:: Exercise description ::
The finished copy should match every record exactly and contain no pictures.

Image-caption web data
#####
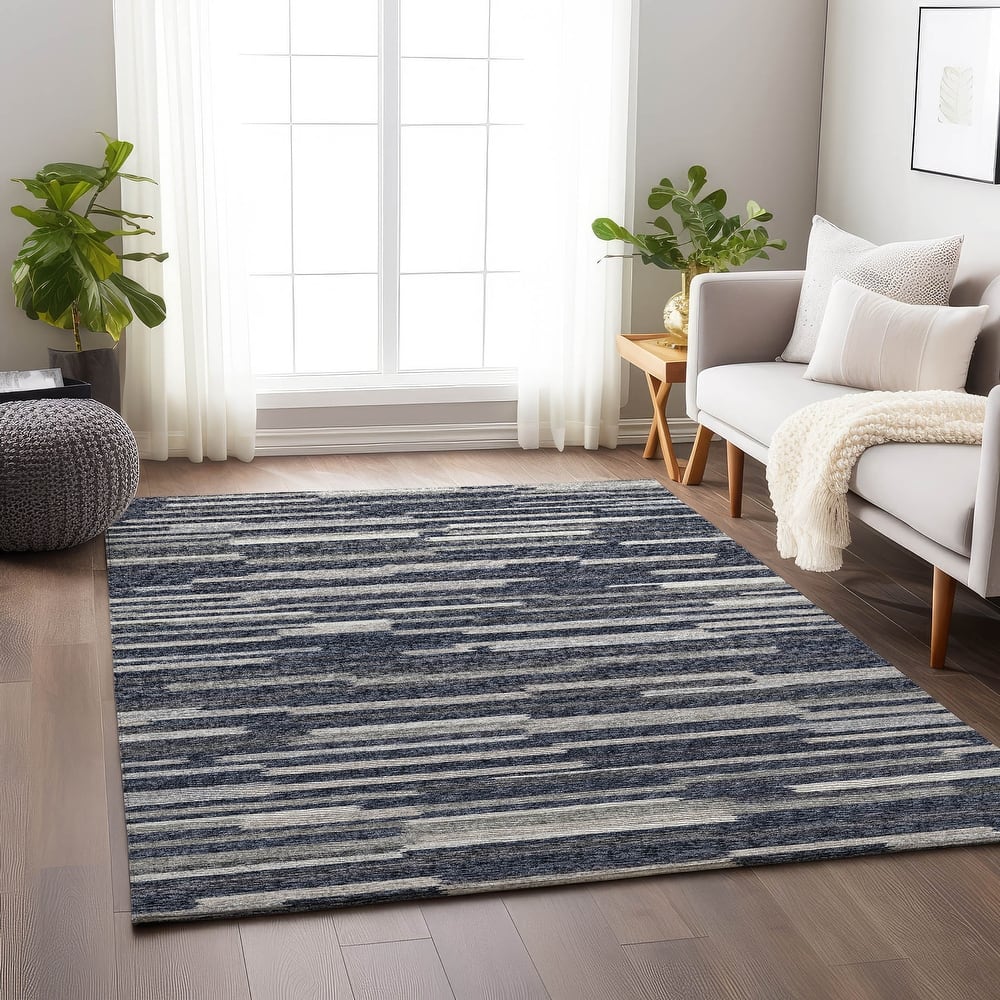 Premium Washable Super Soft Contemporary Stripes Mayfield Rug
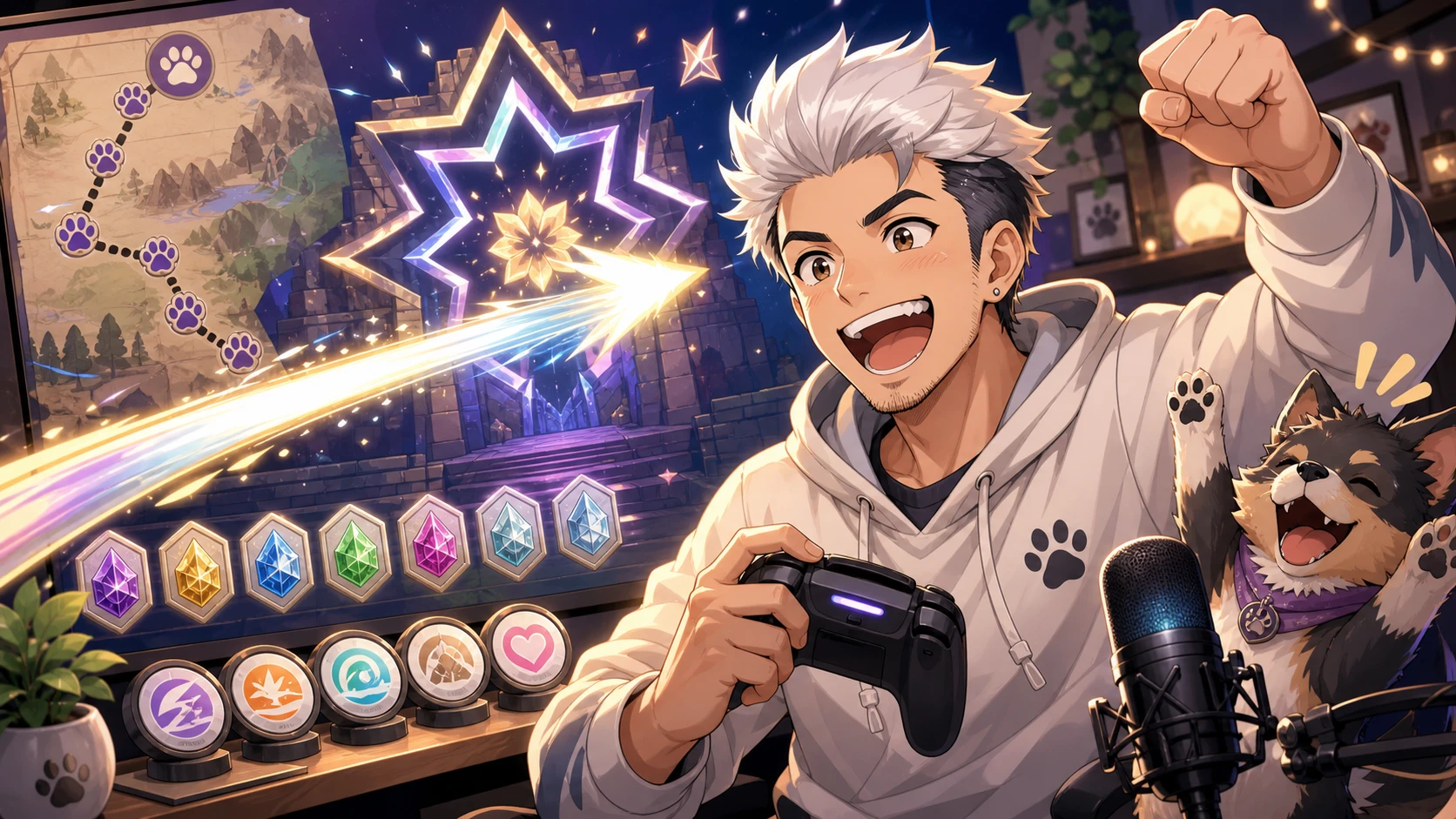 星形のゲートへ伸びる光の軌跡を前に喜ぶ銀髪の男性キャラクター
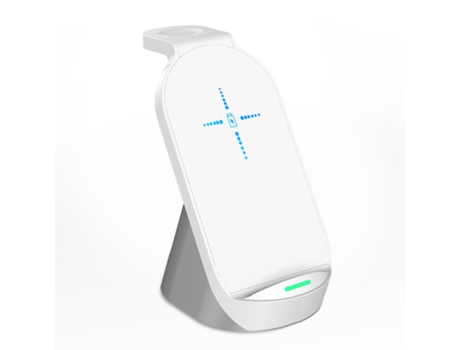 Soporte de cargador inalámbrico de 15 W, base de carga de escritorio 3 en 1, para iPhone, Apple Watch, AirPods, blanco CHRONUS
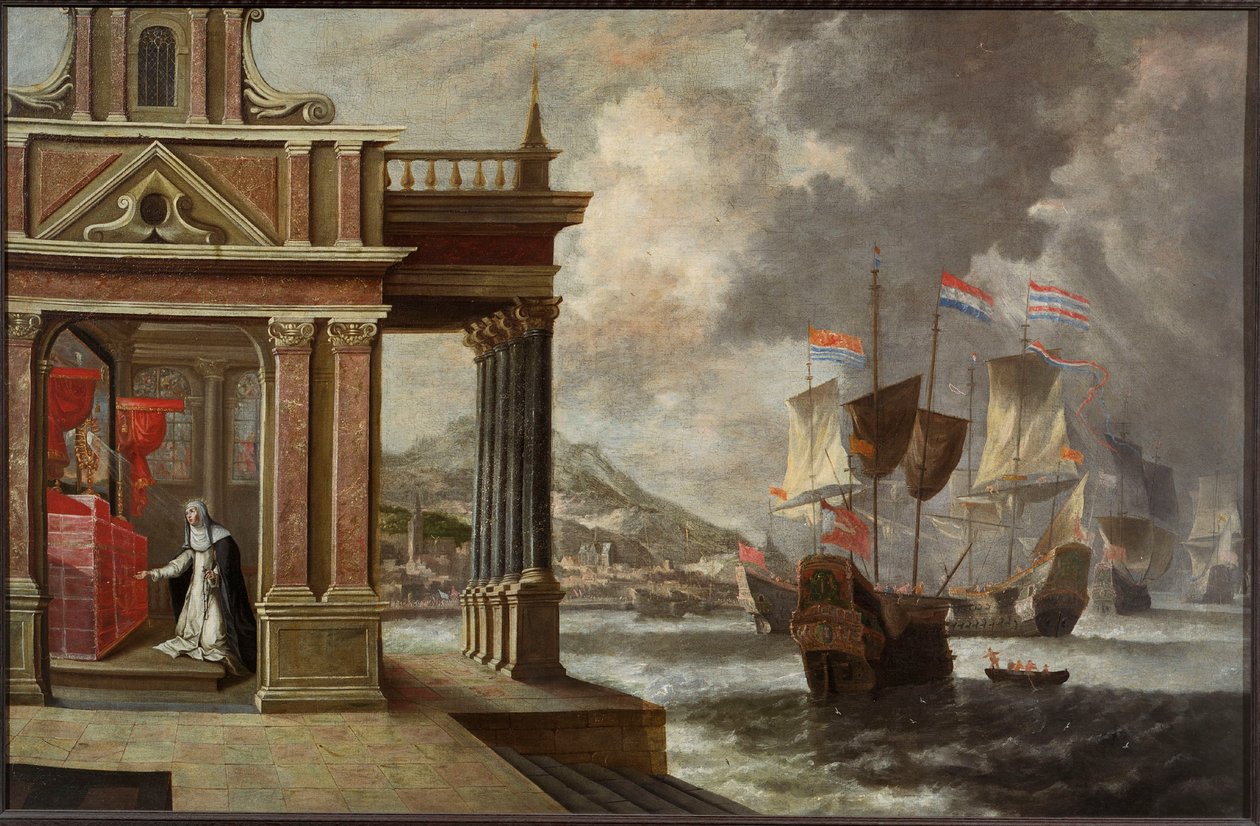 Slaget vid Lepanto: Saint Catherine of Ricci och ombordstigningen, 1671. av Jan Peeters the Elder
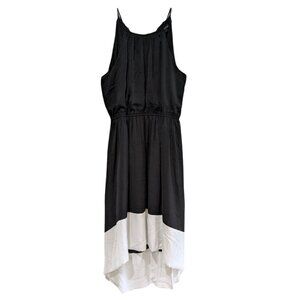 Banana Republic Women's Black & White Halter Asymmetrical Maxi Dress, Size 14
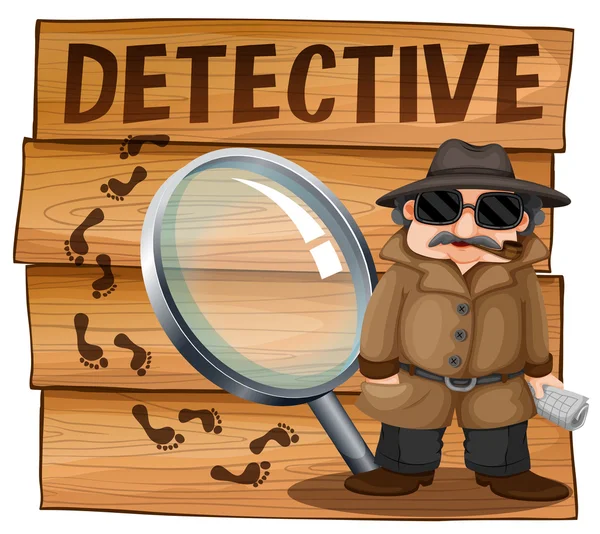 Detective in brown overcoat — Stock Vector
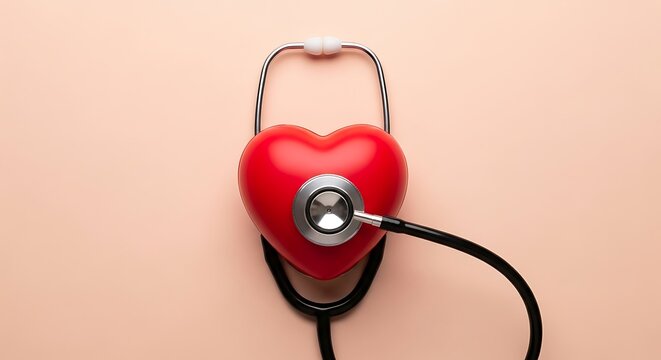 Heart health checkup concept stethoscope examining red heart healthcare and medical examination cardiology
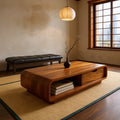 Coffee Table With Drawer Curved Silhouette For Contemporary Interior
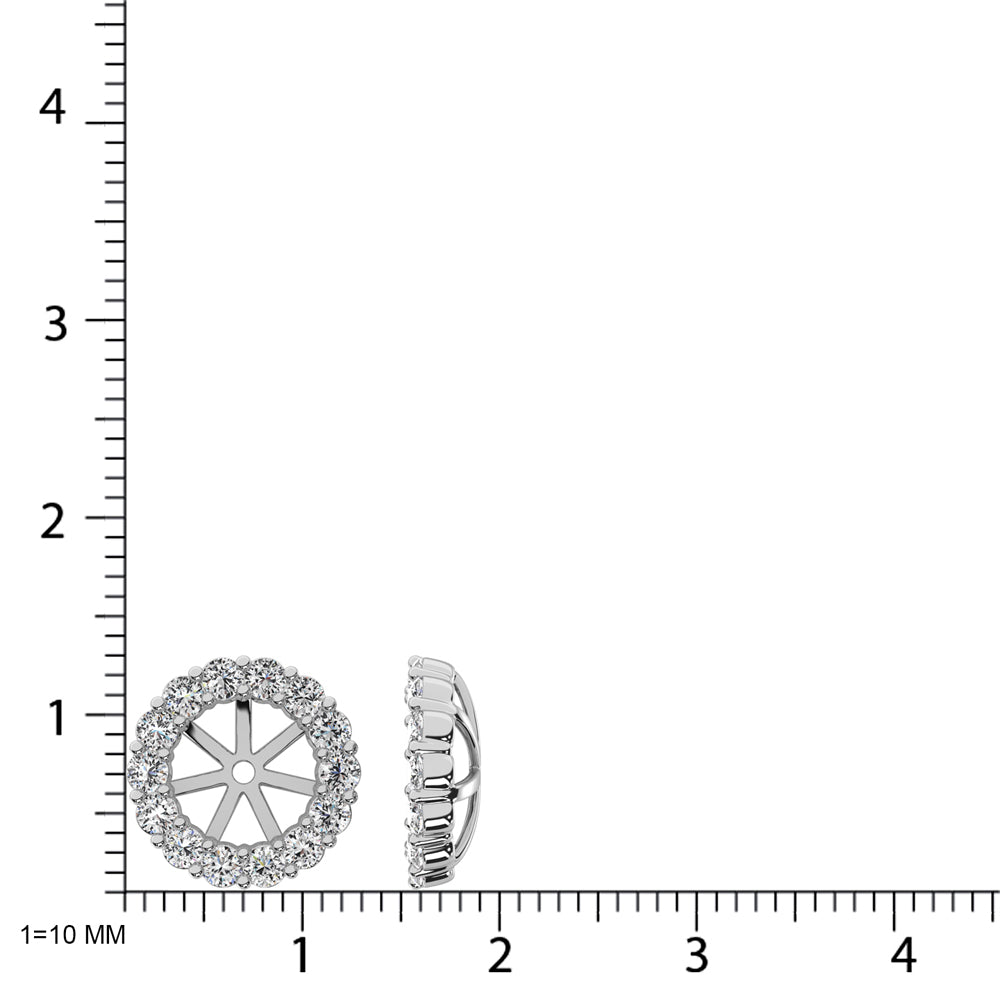 14K White Gold Diamond 2/5 Ct.Tw. Earrings Jacket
#####
:: Answer area ::
 Premium Washable Super Soft Contemporary Stripes Mayfield Rug
 星形のゲートへ伸びる光の軌跡を前に喜ぶ銀髪の男性キャラクター
 Soporte de cargador inalámbrico de 15 W, base de carga de escritorio 3 en 1, para iPhone, Apple Watch, AirPods, blanco CHRONUS
 Slaget vid Lepanto: Saint Catherine of Ricci och ombordstigningen, 1671. av Jan Peeters the Elder
 Banana Republic Women's Black & White Halter Asymmetrical Maxi Dress, Size 14
 Detective in brown overcoat — Stock Vector
 Heart health checkup concept stethoscope examining red heart healthcare and medical examination cardiology
 Coffee Table With Drawer Curved Silhouette For Contemporary Interior
 14K White Gold Diamond 2/5 Ct.Tw. Earrings Jacket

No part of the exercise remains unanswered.